■ Assignment
Your copy of the entries below should hold exactly the lines from the one containing "Hello friends, I" to the one containing "Hello, and welcome", inclusive, and no pictures.

■ Records to process
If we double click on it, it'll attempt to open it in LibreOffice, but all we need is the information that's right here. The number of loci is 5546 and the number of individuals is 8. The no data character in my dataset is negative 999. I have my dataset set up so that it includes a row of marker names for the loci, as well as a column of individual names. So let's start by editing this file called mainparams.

* * *

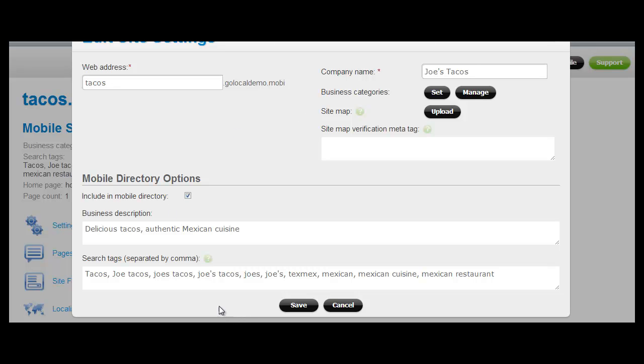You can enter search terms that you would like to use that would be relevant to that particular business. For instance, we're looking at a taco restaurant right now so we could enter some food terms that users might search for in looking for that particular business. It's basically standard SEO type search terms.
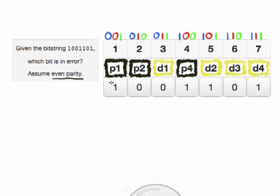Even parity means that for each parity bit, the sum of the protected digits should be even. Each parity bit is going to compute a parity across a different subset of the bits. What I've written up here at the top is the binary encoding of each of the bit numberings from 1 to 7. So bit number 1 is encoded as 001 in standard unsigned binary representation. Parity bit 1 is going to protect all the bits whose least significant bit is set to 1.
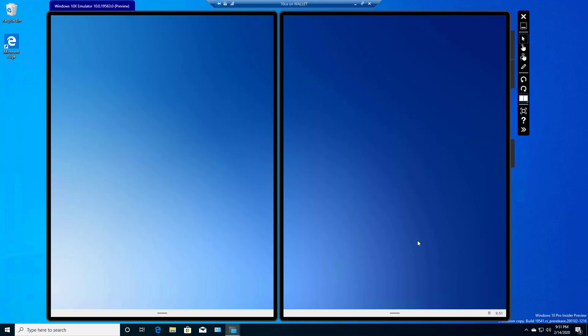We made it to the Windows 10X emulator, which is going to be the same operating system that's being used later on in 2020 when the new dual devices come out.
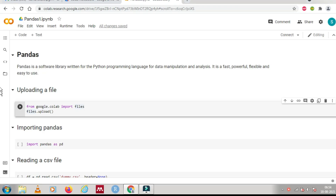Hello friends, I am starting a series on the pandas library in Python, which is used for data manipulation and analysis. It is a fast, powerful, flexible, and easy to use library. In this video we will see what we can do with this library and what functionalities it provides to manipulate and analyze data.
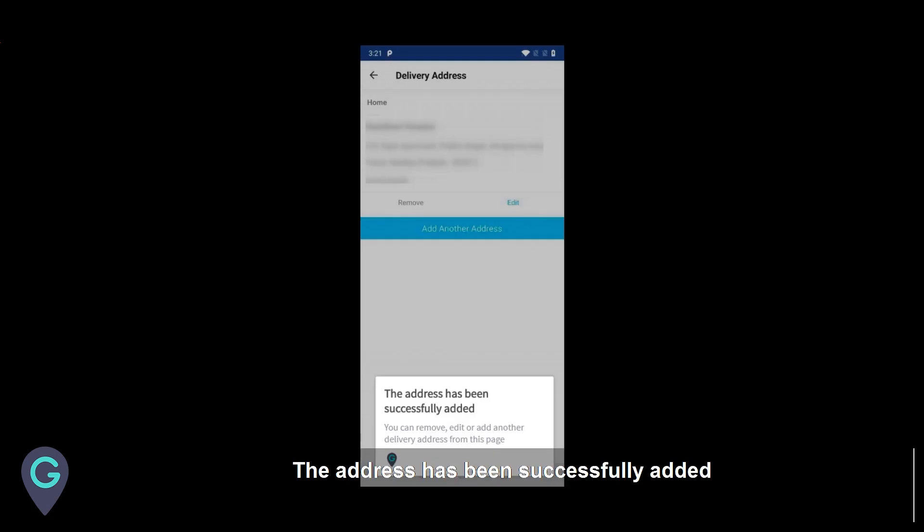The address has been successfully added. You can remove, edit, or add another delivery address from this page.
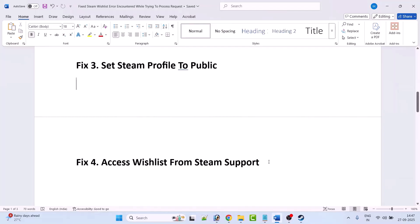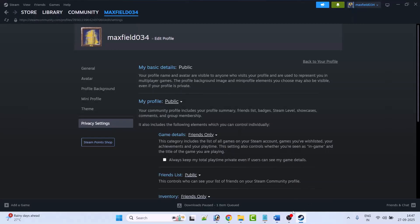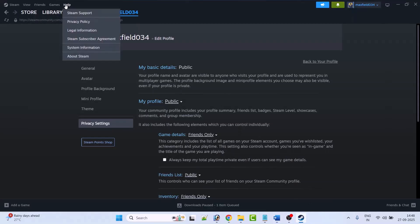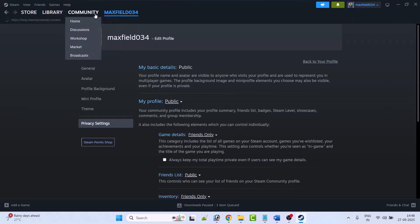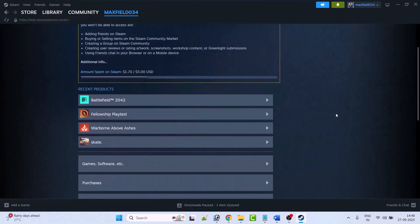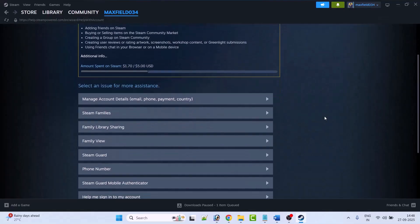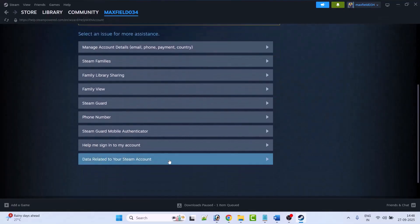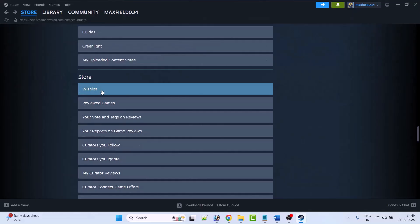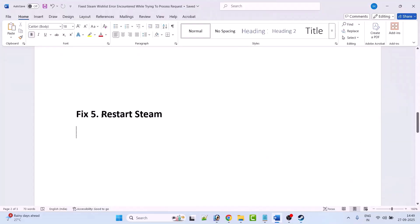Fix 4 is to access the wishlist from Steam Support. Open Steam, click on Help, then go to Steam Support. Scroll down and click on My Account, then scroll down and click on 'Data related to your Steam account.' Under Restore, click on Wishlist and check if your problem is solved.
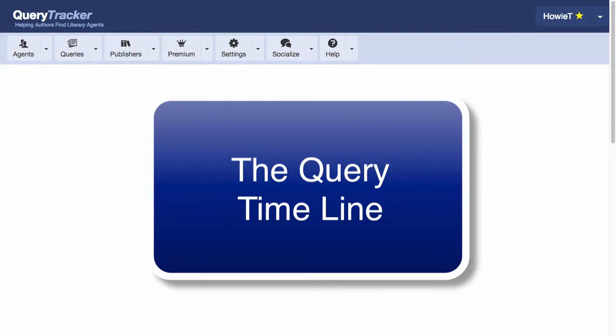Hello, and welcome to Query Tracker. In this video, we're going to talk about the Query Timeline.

■ Your solution
Hello friends, I am starting a series on the pandas library in Python, which is used for data manipulation and analysis. It is a fast, powerful, flexible, and easy to use library. In this video we will see what we can do with this library and what functionalities it provides to manipulate and analyze data.
The address has been successfully added. You can remove, edit, or add another delivery address from this page.
Fix 4 is to access the wishlist from Steam Support. Open Steam, click on Help, then go to Steam Support. Scroll down and click on My Account, then scroll down and click on 'Data related to your Steam account.' Under Restore, click on Wishlist and check if your problem is solved.
Hello, and welcome to Query Tracker. In this video, we're going to talk about the Query Timeline.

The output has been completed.